Rhamnolipid (Figure 1) and sophorolipid (Figure 2) biosurfactants are glycolipid biosurfactants which are generally composed of carbohydrate heads and lipid tails [1,2]. Rhamnolipid biosurfactants discussed in this review were produced by Pseudomonas aeruginosa growing on glucose. They have two hydrophilic head groups: the carboxylate group that gives the rhamnolipids an anionic character and the rhamnosyl that contributes to the bulkiness of the head group. They have two identical tails of C8 alkyl chain [3,4]. On the other hand, sophorolipid biosurfactants have only one long tail of an unsaturated fatty acid [2]. There are often two conformations of the sophorolipids during production: the lactone form resulting from the esterification of the carboxylic acid group to the disaccharide ring (Figure 2a) and the acidic form with two head groups of dimeric sugar sophorose and carboxylic acid (Figure 2b), in which the sophorose head is acetylated [1]. This review focuses on the lactone acetylated sophorolipid biosurfactants, produced by Candida bombicola growing on a mixture of glucose and fatty acids, specifically palmitic and oleic acids. It should be noted that rhamnolipid and sophorolipid biosurfactants produced by other microorganisms growing on different substrates can have different molecular structures and compositions. The molecular structures suggest that the rhamnolipid is a hydrophilic surfactant while the sophorolipid is a hydrophobic surfactant. This article reviews the technique to characterize the hydrophilicity/hydrophobicity of these two biosurfactants and the evaluation of their microemulsion formation for a range of oils.

Figure 1.

Structures of the rhamnolipids: (a) monorhamnolipid and (b) dirhamnolipid (adapted from [1]).

Figure 2.

Structures of the sophorolipids (Ac = Acetyl): (a) lactone form and (b) acidic form (adapted from [2]).

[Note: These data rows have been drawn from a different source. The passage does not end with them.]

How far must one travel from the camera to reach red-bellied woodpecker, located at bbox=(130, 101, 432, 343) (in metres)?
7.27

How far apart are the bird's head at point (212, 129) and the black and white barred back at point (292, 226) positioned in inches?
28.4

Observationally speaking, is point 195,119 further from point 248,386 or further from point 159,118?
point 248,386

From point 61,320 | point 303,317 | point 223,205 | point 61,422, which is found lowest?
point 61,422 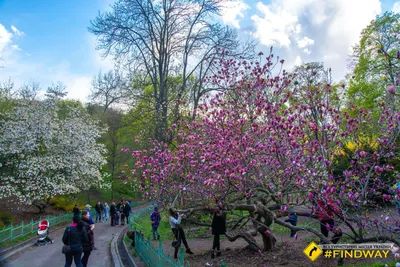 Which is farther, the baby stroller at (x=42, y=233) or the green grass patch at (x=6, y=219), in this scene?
the green grass patch at (x=6, y=219)

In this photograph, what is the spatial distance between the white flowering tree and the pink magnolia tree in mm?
12658

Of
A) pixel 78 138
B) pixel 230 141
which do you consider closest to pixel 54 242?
Result: pixel 78 138

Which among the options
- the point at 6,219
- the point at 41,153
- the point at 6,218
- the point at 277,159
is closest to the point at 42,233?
the point at 6,219

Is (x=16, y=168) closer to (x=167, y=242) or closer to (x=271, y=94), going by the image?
(x=167, y=242)

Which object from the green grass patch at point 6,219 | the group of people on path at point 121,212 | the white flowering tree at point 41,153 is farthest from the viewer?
the group of people on path at point 121,212

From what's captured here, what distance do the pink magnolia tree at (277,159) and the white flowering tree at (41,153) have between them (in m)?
12.7

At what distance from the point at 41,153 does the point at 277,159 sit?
63.7 ft

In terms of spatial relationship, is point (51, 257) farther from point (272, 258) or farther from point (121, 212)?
point (121, 212)

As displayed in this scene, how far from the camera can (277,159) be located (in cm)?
722

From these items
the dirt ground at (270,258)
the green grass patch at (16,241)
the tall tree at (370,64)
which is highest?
the tall tree at (370,64)

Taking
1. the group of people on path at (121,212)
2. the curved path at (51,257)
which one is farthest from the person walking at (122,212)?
the curved path at (51,257)

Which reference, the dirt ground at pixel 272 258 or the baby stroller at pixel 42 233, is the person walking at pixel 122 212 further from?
the dirt ground at pixel 272 258

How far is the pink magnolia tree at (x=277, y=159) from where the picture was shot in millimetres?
6582

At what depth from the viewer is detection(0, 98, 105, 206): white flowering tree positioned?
19.8 meters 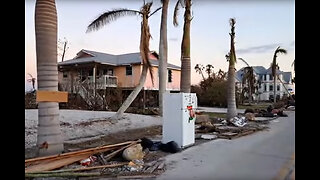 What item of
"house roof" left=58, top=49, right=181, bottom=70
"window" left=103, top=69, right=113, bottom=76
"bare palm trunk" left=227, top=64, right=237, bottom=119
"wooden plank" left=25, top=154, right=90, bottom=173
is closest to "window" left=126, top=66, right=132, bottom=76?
"house roof" left=58, top=49, right=181, bottom=70

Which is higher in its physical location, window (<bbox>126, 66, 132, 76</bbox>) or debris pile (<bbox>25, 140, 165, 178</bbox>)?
window (<bbox>126, 66, 132, 76</bbox>)

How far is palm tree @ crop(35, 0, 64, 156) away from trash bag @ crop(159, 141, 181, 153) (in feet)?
8.61

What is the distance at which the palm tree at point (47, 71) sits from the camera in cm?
618

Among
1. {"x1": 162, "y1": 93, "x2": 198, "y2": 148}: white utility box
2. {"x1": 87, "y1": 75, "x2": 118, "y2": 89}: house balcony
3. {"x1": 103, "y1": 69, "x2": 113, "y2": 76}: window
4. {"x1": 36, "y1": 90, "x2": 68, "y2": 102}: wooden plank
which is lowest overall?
{"x1": 162, "y1": 93, "x2": 198, "y2": 148}: white utility box

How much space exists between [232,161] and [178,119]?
7.10 feet

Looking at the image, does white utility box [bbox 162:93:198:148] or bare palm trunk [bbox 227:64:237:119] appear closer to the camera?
white utility box [bbox 162:93:198:148]

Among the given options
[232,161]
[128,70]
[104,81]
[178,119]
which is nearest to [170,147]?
[178,119]

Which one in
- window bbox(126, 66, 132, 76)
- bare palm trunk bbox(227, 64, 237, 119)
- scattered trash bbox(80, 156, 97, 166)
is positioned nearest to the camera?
scattered trash bbox(80, 156, 97, 166)

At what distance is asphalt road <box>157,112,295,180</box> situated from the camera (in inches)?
201

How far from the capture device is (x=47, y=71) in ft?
20.7

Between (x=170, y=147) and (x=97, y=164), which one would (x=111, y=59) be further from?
(x=97, y=164)

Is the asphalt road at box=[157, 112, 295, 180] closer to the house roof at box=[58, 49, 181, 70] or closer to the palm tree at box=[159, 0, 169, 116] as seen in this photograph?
the palm tree at box=[159, 0, 169, 116] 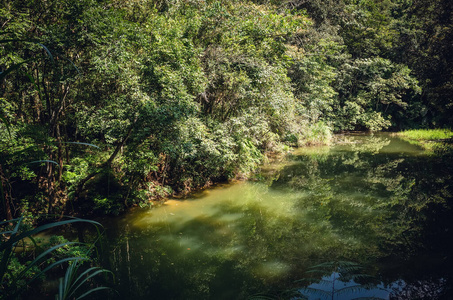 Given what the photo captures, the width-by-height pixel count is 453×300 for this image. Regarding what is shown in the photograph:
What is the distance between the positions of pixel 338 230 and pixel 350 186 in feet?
12.3

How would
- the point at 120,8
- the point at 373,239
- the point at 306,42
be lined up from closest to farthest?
1. the point at 373,239
2. the point at 120,8
3. the point at 306,42

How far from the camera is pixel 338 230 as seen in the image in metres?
5.99

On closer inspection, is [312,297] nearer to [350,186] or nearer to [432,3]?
[350,186]

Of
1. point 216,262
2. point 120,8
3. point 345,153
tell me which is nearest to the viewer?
point 216,262

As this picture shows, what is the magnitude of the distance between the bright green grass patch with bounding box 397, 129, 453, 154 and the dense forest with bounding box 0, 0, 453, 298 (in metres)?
2.24

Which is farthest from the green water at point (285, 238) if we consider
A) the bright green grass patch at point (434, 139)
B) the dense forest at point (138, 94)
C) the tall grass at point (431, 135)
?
the tall grass at point (431, 135)

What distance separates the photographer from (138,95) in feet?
19.8

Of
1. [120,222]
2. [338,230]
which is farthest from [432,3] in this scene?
[120,222]

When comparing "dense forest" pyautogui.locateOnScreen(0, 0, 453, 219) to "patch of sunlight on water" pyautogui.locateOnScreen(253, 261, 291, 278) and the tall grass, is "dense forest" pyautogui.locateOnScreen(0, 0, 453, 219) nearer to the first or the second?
"patch of sunlight on water" pyautogui.locateOnScreen(253, 261, 291, 278)

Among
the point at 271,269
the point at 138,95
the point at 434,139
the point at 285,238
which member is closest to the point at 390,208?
the point at 285,238

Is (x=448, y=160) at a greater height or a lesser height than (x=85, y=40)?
lesser

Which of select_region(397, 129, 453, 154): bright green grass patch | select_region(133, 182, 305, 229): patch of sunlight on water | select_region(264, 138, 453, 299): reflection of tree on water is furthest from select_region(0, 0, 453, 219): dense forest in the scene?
Result: select_region(264, 138, 453, 299): reflection of tree on water

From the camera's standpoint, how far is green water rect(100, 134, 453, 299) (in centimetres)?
421

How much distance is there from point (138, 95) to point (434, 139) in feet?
66.9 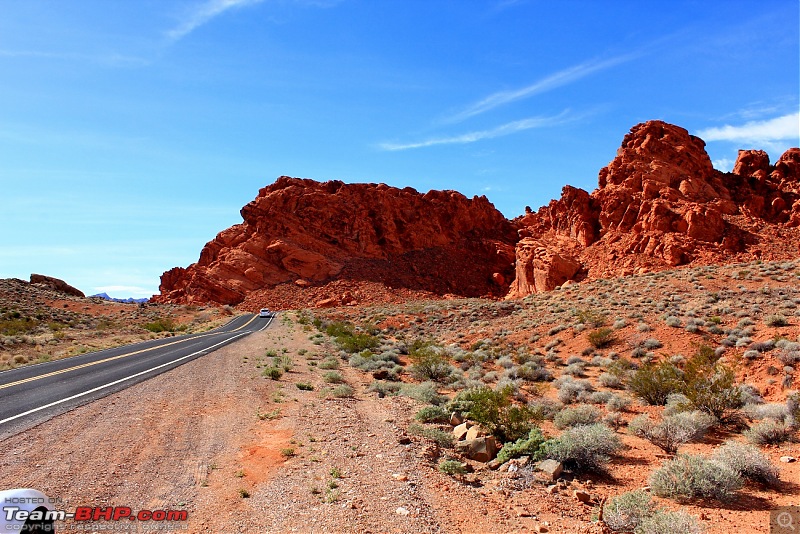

Microemulsions are thermodynamically stable dispersion of two immiscible liquids (oil and water) stabilized by surfactant films [5]. Microemulsions can exist in four forms (Figure 3), known as Winsor type microemulsions [5,6]. Type I (oil-in-water or O/W) microemulsions solubilize oil in spherical normal micelles within the water-continuous phase while Type II (water-in-oil or W/O) microemulsions solubilize water in reverse micelles within the oil-continuous phase. Type III microemulsions are three-phase systems in which the middle phase microemulsions are in equilibrium with both excess oil and excess water phases. Type IV microemulsions are the expansion of the middle phase microemulsions at high surfactant concentration such that all the excess oil and excess water are incorporated into a single phase.

Figure 3.

Four types of Winsor microemulsions.

Rhamnolipid and sophorolipid biosurfactants have been evaluated for uses in many applications such as bioremediation, microbial enhanced oil recovery, food and cosmetic industries and pharmaceutical applications [7-12]. In this paper, the use of rhamnolipid and sophorolipid biosurfactants in detergency and vegetable oil extraction for biodiesel application is exclusively reviewed.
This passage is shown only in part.